### About this task
Once you find the line containing "Jawab Tudingan Soal" in the data below, copy it and each following line exactly, up to and including the line containing "Keramische Mini-Töpfe von", and nothing else.

### Supplied entries
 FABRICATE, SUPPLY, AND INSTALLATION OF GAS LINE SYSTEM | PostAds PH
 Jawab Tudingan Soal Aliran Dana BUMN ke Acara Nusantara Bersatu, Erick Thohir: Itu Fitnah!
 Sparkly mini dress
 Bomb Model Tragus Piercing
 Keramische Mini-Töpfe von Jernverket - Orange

* * *

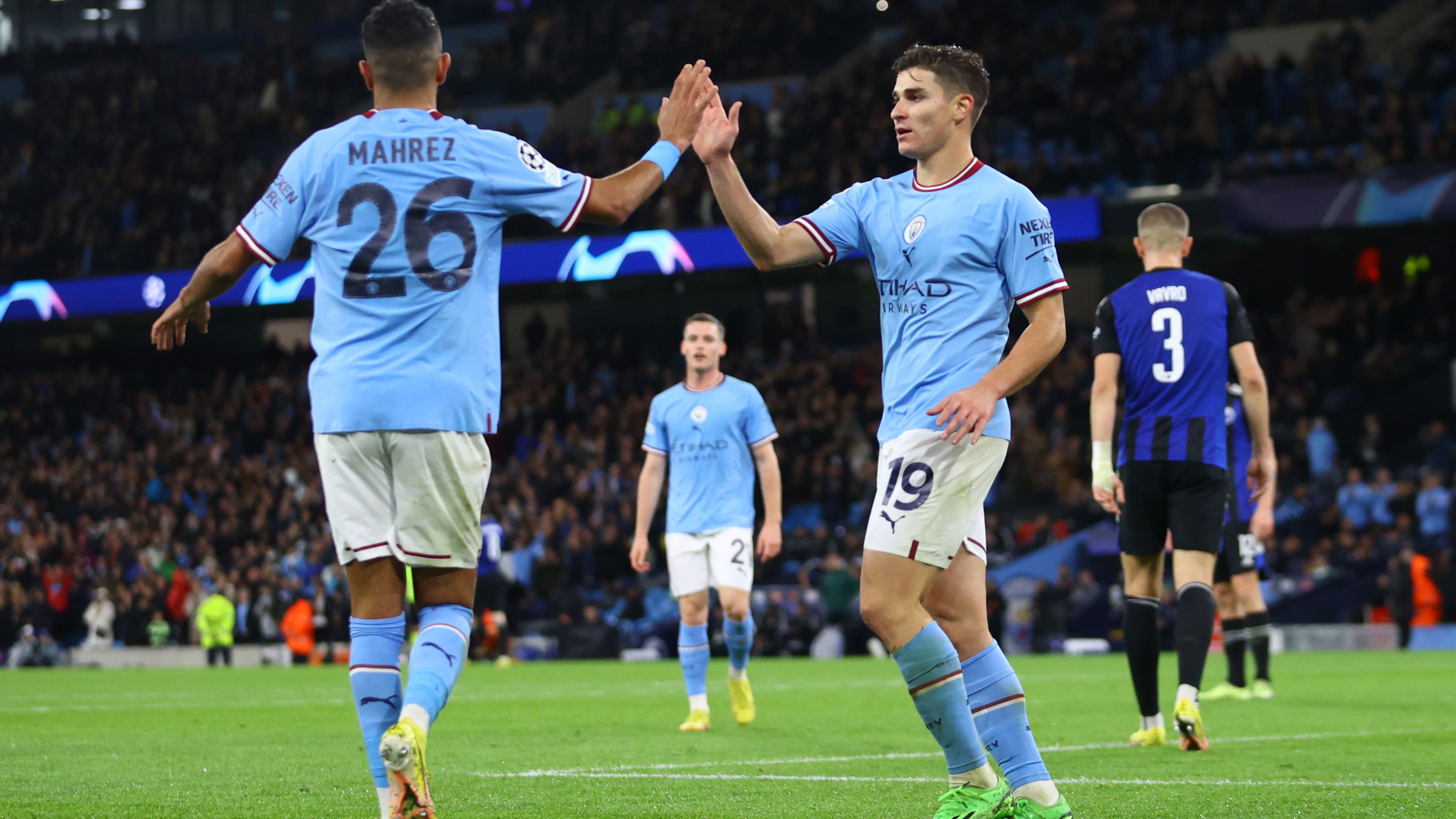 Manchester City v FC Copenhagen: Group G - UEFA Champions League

...

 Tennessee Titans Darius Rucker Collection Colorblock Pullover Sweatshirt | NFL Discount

### Exercise answer
 Jawab Tudingan Soal Aliran Dana BUMN ke Acara Nusantara Bersatu, Erick Thohir: Itu Fitnah!
 Sparkly mini dress
 Bomb Model Tragus Piercing
 Keramische Mini-Töpfe von Jernverket - Orange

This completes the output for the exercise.